We go to the movies to watch people get hurt. There is no shame in this; human beings have a built-in urge to witness pain. Whether it’s emotional or physical, we line up at the theater to see our collective trauma made big and loud. 

From Buster Keaton breaking his neck on Sherlock, Jr., to Johnny Knoxville breaking his neck on Jackass Forever, cinema is, down to its bones, an art of violence. Dev Patel seems to know this intuitively. Monkey Man, the British actor’s directorial debut, is a paean to the transformative, spiritual power of cinematic violence. Sopping wet and bathed in crepuscular neon, the film goes hyper-gnarly on human flesh.

Patel plays an unnamed street-urchin-turned-street-fighter who, disguised in a ragged gorilla mask, sublimates his rage in nightly, rigged fights set up by greasy promoter Tiger (Sharlto Copley). Glimpses of the origins of that rage, as well as why Patel’s character’s hands are so badly scarred, emerge as he plans the ultimate vengeance: A takedown of the police chief (Sikander Kher) who killed his mother, as well as the political-slash-cult leader (Makrand Deshpande) who enabled the chief and destroyed our protagonist’s village.
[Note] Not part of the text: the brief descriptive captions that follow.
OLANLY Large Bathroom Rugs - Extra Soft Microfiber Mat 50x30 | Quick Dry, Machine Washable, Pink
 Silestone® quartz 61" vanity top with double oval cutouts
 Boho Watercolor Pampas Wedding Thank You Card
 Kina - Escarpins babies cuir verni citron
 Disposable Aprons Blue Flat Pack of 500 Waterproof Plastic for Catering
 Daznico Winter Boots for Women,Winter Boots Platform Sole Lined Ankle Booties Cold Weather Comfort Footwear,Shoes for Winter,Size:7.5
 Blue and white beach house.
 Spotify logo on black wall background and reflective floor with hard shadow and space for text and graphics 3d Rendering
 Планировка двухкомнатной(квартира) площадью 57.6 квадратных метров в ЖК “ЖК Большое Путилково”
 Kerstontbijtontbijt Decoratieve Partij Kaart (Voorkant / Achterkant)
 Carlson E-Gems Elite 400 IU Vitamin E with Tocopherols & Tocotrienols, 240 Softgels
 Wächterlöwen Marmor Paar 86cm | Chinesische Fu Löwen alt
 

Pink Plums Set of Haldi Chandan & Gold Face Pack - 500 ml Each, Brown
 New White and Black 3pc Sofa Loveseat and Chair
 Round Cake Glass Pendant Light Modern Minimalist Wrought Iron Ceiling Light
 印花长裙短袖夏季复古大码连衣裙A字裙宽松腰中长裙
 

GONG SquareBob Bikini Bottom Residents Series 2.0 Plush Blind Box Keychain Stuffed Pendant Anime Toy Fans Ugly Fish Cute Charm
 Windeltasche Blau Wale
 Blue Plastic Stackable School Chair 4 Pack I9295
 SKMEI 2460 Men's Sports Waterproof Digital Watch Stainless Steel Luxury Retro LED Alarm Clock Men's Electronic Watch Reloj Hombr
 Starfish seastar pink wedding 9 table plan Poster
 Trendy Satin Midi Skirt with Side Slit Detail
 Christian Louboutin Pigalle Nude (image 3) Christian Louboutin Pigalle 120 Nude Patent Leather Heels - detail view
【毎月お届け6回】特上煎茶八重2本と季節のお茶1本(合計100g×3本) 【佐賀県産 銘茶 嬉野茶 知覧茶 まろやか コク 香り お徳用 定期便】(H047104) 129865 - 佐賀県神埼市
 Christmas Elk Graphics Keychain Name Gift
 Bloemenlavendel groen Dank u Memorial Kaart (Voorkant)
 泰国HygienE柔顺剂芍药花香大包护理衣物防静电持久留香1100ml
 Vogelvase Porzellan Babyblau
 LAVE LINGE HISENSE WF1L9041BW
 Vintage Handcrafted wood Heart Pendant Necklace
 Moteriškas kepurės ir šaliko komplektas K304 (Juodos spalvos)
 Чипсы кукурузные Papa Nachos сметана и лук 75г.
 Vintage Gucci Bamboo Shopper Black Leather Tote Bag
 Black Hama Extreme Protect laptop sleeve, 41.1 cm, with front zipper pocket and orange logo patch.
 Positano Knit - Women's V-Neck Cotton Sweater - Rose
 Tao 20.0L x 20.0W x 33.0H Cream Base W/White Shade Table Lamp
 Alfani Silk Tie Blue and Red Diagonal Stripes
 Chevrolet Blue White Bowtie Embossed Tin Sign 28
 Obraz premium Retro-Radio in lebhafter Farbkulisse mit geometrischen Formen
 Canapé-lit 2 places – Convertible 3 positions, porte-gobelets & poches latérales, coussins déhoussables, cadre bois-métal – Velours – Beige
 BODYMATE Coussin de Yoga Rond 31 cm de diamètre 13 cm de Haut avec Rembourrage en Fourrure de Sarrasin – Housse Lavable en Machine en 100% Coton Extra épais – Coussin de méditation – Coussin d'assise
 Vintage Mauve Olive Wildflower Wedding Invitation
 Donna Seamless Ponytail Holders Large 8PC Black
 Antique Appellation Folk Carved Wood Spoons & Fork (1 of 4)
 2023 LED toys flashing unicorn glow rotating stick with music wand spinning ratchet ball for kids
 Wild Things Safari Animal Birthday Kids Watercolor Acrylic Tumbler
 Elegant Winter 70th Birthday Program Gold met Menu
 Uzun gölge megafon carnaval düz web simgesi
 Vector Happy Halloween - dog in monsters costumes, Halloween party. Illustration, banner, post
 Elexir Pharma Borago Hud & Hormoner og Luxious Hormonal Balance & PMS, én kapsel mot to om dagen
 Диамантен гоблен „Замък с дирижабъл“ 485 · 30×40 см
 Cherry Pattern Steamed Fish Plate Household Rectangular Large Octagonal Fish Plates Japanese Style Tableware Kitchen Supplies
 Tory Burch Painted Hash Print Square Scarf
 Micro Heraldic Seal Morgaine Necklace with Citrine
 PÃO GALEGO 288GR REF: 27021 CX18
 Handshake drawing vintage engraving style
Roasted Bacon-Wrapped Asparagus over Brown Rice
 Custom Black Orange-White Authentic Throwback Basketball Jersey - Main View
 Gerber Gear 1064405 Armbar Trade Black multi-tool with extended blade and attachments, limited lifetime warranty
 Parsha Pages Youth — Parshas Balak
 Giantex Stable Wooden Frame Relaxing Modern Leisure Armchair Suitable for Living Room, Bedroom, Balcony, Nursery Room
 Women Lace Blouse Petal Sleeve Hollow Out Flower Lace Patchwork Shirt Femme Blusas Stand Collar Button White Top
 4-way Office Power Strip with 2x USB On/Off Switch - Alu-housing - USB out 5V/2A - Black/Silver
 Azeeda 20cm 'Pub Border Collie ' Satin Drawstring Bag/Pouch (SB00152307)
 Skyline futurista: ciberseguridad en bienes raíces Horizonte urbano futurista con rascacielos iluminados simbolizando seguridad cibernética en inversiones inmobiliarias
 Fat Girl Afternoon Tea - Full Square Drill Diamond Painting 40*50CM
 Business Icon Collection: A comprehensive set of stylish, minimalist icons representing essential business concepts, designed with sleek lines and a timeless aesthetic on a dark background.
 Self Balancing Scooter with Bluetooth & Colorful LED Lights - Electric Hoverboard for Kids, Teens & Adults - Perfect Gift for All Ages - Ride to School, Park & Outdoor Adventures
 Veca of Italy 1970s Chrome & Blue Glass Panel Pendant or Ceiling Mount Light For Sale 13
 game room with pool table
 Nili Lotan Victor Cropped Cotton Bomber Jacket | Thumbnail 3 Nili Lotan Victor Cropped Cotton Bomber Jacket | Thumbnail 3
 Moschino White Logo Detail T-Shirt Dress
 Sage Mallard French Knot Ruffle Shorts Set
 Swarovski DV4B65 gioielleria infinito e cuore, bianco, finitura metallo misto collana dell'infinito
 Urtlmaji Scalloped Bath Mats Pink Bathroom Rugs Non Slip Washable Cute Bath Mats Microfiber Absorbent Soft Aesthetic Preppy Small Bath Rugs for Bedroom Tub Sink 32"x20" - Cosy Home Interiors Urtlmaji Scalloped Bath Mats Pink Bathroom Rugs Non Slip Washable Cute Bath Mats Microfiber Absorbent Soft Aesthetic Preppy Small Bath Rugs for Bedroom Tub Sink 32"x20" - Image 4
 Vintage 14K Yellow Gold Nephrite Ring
By “takedown,” Patel clearly means “brutally murder.”

With cinematographers Simon Temple and Sharone Meir—the latter most recently, and most appropriately, lensing John Woo’s also-flagrantly-violent Silent Night—Patel pushes his protagonist through a pastiche of incredible action cinema. There are obvious echoes of John Wick, especially to the tune of “hirsute man in beautifully-fitting suit massacres whole room of thugs” (though Tenet-heads may remember John David Washington’s kitchen brawl as a nice corollary to Monkey Man's gory kitchen melee), but Patel also points to grim Korean thrillers like The Man from Nowhere and The Villainess, or to the squelching, viscera-spattering mayhem of Indonesian action filmmakers like Gareth Evans and Timo Tjahjanto, or even to the Hindi blockbusters of Shah Rukh Khan, whose Koyla from 1997 Patel cites as a particular influence on his character’s dripping, beady-eyed mania. One could even claim that Monkey Man’s training montage, in which our hero develops an unspoken bond with renowned tabla drummer Zakir Hussein to push his body to the limit, is modeled after the training montage in Rocky III, when Rocky must learn what it takes to find another fighter’s rhythm. 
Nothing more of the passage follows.